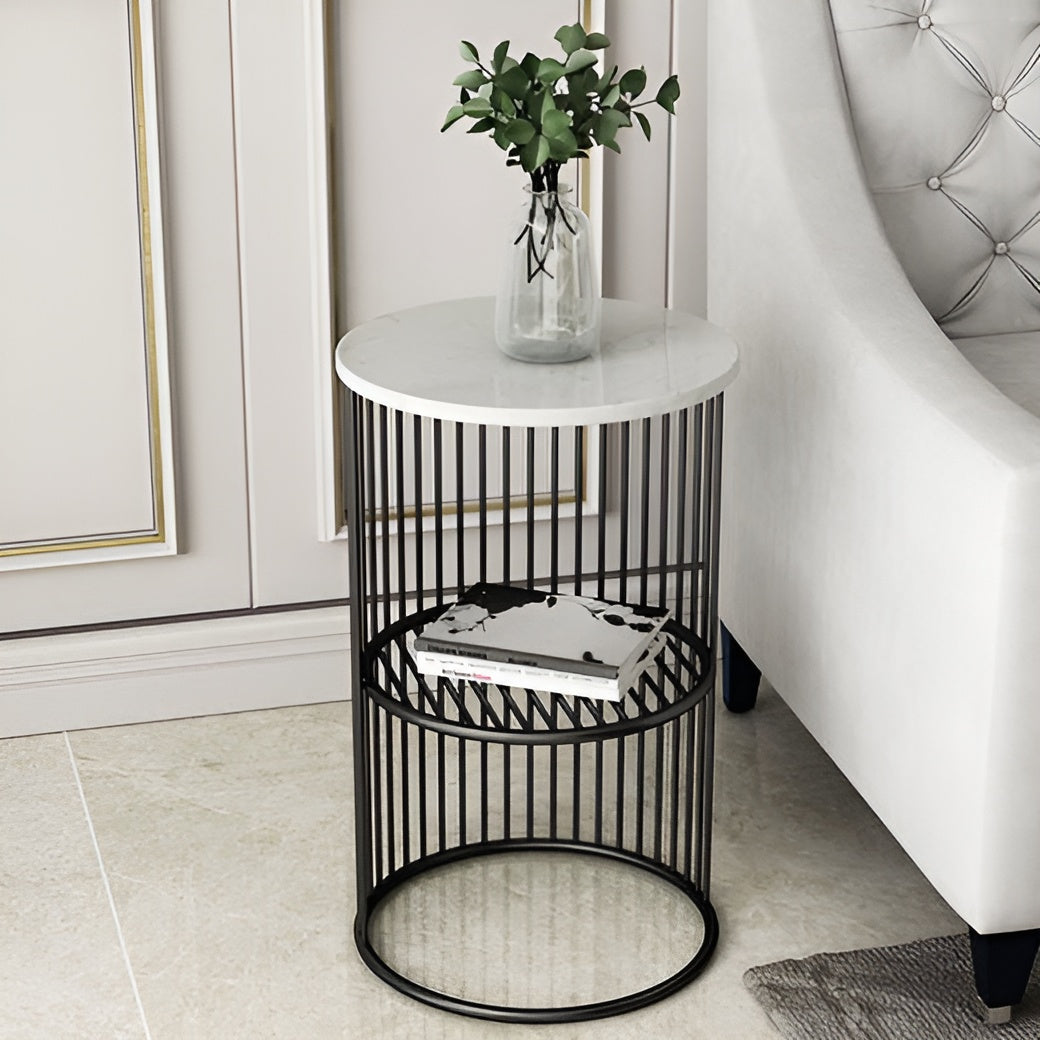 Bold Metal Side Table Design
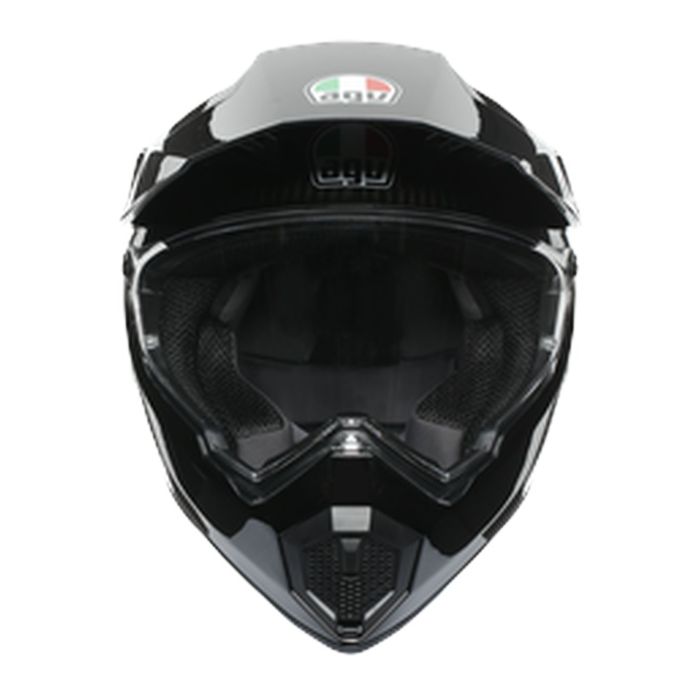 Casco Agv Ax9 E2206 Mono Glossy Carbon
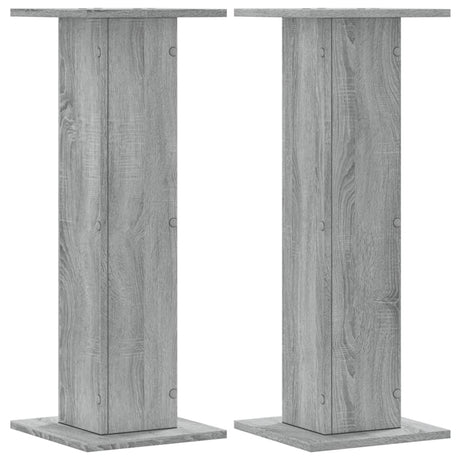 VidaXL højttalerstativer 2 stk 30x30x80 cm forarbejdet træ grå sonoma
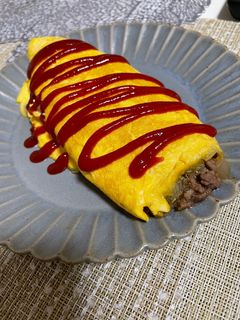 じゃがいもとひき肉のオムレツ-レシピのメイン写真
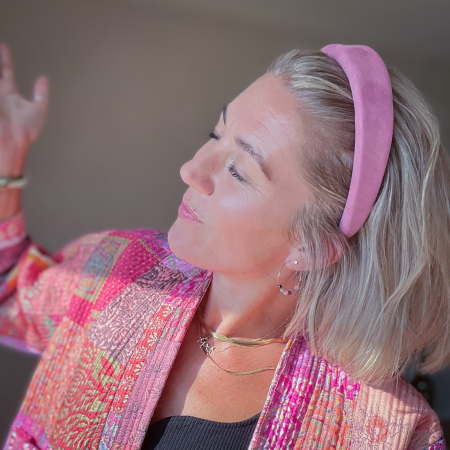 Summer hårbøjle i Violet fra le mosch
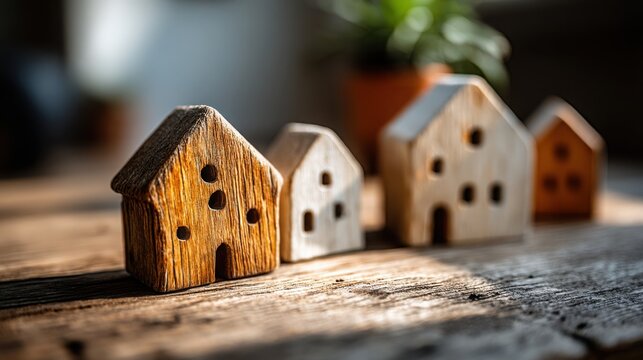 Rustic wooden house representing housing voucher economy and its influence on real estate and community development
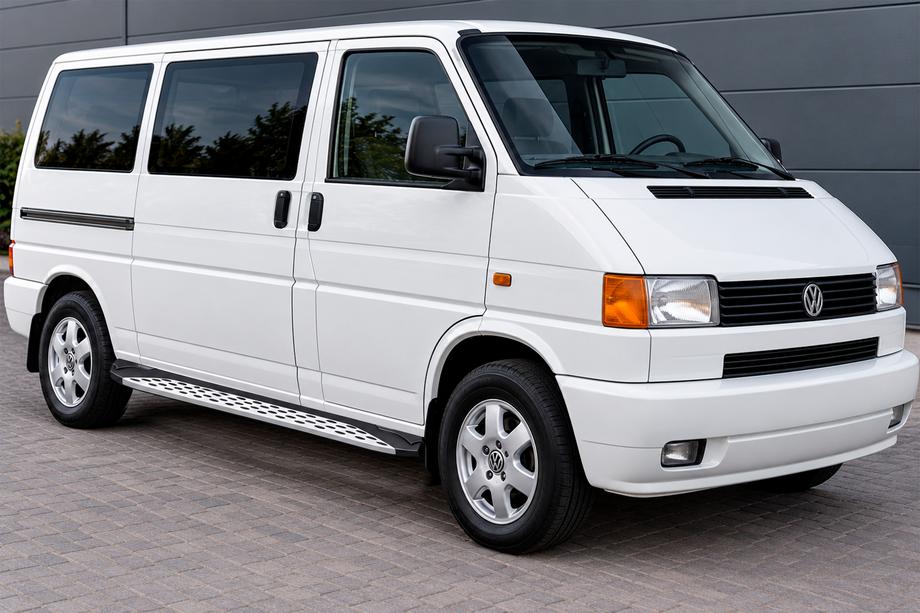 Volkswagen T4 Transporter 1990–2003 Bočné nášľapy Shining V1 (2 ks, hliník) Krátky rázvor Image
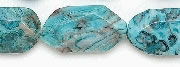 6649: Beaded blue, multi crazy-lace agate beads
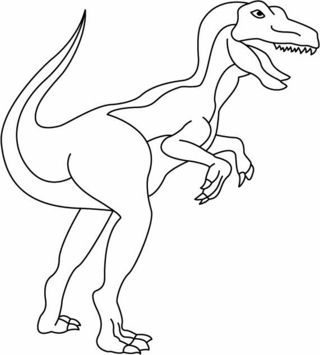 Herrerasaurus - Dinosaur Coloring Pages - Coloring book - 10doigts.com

====

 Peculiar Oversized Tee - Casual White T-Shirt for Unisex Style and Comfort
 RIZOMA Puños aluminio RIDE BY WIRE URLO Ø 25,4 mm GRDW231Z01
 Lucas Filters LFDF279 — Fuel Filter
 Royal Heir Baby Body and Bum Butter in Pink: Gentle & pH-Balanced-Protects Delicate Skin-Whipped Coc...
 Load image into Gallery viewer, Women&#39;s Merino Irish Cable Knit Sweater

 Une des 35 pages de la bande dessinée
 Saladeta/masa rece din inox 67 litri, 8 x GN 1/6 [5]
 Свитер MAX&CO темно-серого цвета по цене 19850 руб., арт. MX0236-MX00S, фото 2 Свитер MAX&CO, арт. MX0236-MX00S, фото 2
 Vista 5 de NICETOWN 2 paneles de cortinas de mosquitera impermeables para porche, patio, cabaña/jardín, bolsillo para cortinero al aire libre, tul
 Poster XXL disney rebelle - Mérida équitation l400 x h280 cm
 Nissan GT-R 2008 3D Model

====

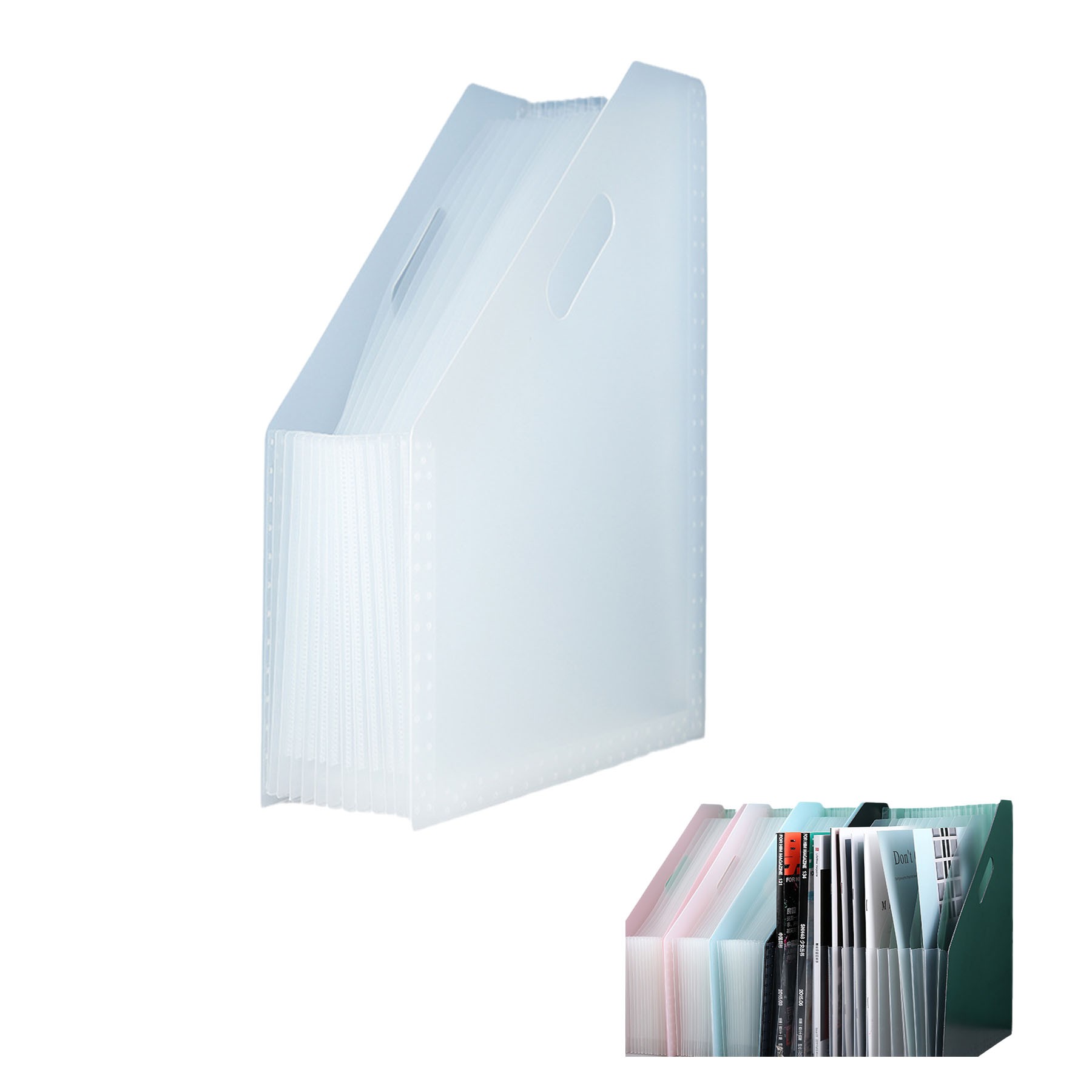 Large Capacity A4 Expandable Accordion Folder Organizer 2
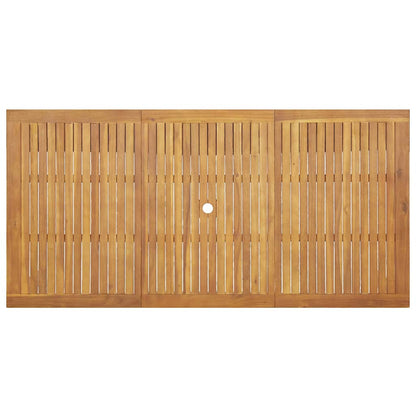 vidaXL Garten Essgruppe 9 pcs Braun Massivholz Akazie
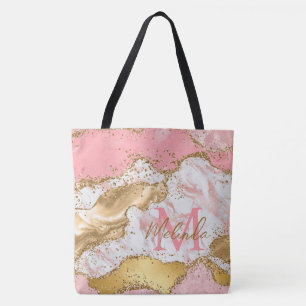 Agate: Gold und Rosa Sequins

====

PROBLEM DETAILS
Could you transcribe exactly the entries above, but only the lines from the one with "VidaXL højttalerstativer 2" through the one with "Rustic wooden house", and without pictures?

RESPONSE TO THE TASK
 VidaXL højttalerstativer 2 stk 30x30x80 cm forarbejdet træ grå sonoma
 じゃがいもとひき肉のオムレツ-レシピのメイン写真
 Summer hårbøjle i Violet fra le mosch
 Rustic wooden house representing housing voucher economy and its influence on real estate and community development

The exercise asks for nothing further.